Selon Peter Hotez, de Houston, ce pourrait être un cas exemplaire de “chat échaudé craint l’eau froide”. Sanofi a travaillé plus de dix ans sur un vaccin contre la dengue, en vain – il ne faisait qu’augmenter le risque de contracter la maladie chez certains enfants. GSK a trouvé le premier vaccin contre le paludisme, mais cela lui a pris trente ans. Le vaccin contre Ebola de Merck a été un “triomphe humanitaire”, mais il n’a pas rapporté d’argent.

Le vaccin, une activité “pas sexy”

Jusqu’à il y a une quinzaine d’années, le secteur des vaccins était “à l’arrière-plan”, constate Dan Mahony, de Polar Capital. De nouveaux produits à forte croissance, par exemple le Gardasil de Merck contre le papillomavirus et le Shingrix de GSK contre le zona, ont permis de “sortir des sentiers battus” mais pas assez pour inciter les sociétés à injecter de l’argent dans le développement. Dan Mahony soupçonne les laboratoires pharmaceutiques, quand ils ont réduit la voilure il y a dix ans, d’avoir supprimé les projets de vaccins qui en étaient aux stades préliminaires. Ils ont préféré investir dans des médicaments contre le cancer et des maladies rares qui se vendent très bien et pour lesquels les progrès techniques alimentent la demande et garantissent des prix élevés.

Il y a un an, les vaccins étaient encore considérés comme une “bonne activité, stable” mais “pas sexy”, résume Laura Sutcliffe, analyste de la banque UBS. “Tout a changé aujourd’hui. Les investisseurs s’y intéressent davantage.” Pour Jo Walton, de Crédit Suisse, les opérateurs historiques avaient pu dominer le marché parce que ce sont “des entreprises énormes, sur des marchés protégés par de grandes barrières à l’entrée. Ces laboratoires coûtent très très cher à construire.” Mais leur réseau de distribution, l’un de leurs grands avantages en général sur ce marché, ne les a pas favorisés pendant la pandémie, la logistique étant largement prise en charge par les États.

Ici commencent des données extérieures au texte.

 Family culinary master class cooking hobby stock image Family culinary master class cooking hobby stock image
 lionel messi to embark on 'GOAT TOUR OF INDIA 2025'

L’ARN messager contre la grippe

Si Moderna et BioNTech espèrent exploiter leur réussite actuelle pour pénétrer d’autres marchés du vaccin, les acteurs traditionnels s’intéressent désormais à l’ARN messager. Sanofi a étendu en juin son partenariat avec Translate Bio, avec lequel il travaille depuis 2018, de façon à étudier des vaccins à ARN messager pour toutes les maladies infectieuses. Le tandem compte commencer à tester un vaccin contre le Covid-19 au premier trimestre et un autre, contre la grippe, dans le courant de l’année. Selon Ron Renaud, PDG de Translate Bio, le Covid-19 donne à Sanofi un “avant-goût” de l’utilité de l’ARN messager contre la grippe, un marché sur lequel l’industriel français est leader et qui lui rapporte 2,5 milliards d’euros par an.

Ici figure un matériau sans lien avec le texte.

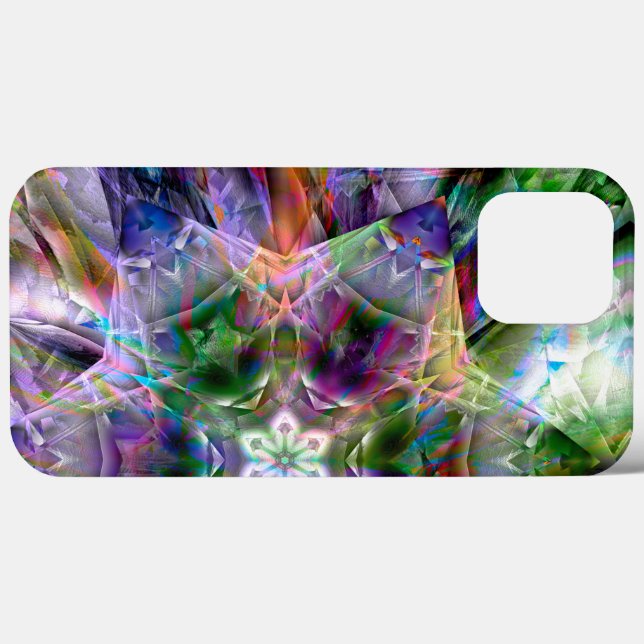 Psychedelic virtual star, acrylic or neon abstract Case-Mate iPhone case (Back (Horizontal))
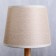 Table lamp "Eco" 1x40W E27 Light wood-beige 18x18x29.5 cm Risalux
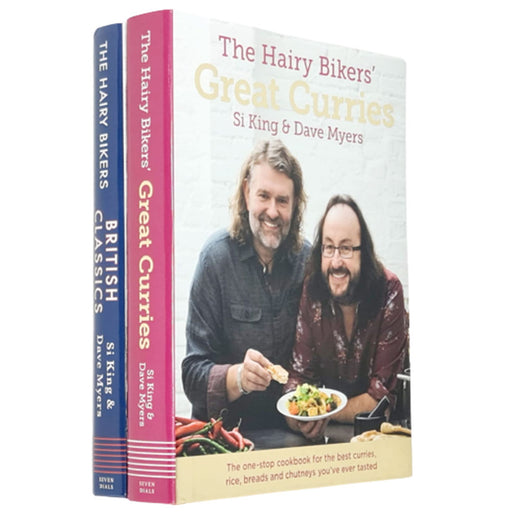 The Hairy Bikers Collection 2 Books Set(Great Curries , British Classics) NEW - The Book Bundle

Quant à GSK, il a annoncé début février qu’il élargissait sa collaboration avec CureVac au vaccin à ARN messager contre le Covid-19 de cette société de biotechnologie allemande. Le laboratoire britannique contribuera à sa production, et le tandem travaillera à la mise au point d’un vaccin visant plusieurs souches du virus en même temps, qui devrait arriver en 2022.

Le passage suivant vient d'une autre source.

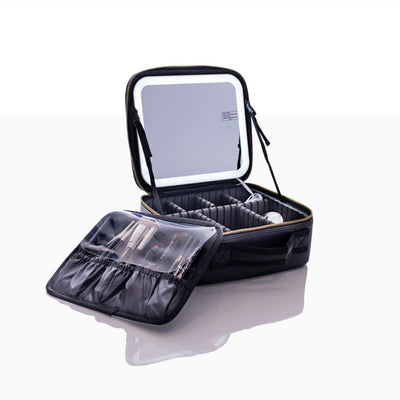 Rac N Roll Cosmetic Bags with LED Mirrors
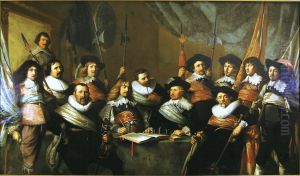 Officers of the Haarlem civic guard called the Cloveniers, or Musketeers, during the serving period 1639-1642. by Pieter Soutman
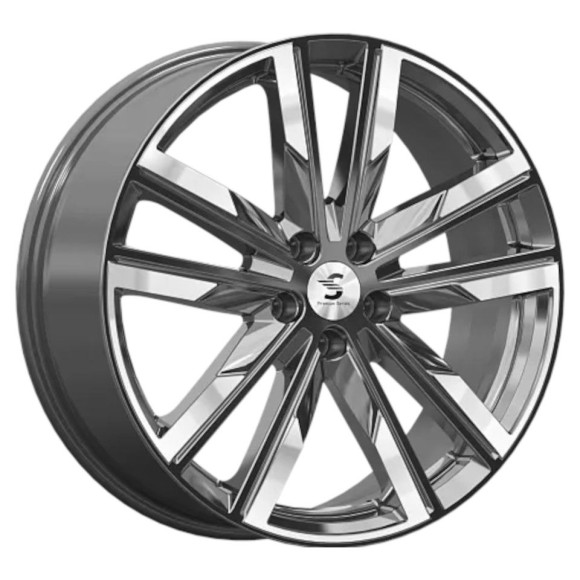 Диски СКАД Premium 8,0\R20 5*108 ET46 d63.35 Diamond gloss graphite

Thomas Breuer espère que GSK rattrapera rapidement son retard. “Au début de la pandémie, l’efficacité de l’ARN messager n’était pas démontrée, et, contrairement à certains acteurs spécialisés, la plateforme de GSK consacrée à cette technologie n’était pas prête à se lancer immédiatement, raconte-t-il. Quand les variants ont commencé à faire leur apparition, et que certains vaccins existants se sont révélés moins efficaces, nous nous sommes dit que GSK pouvait jouer un rôle de premier plan dans le développement de la nouvelle génération de vaccins.”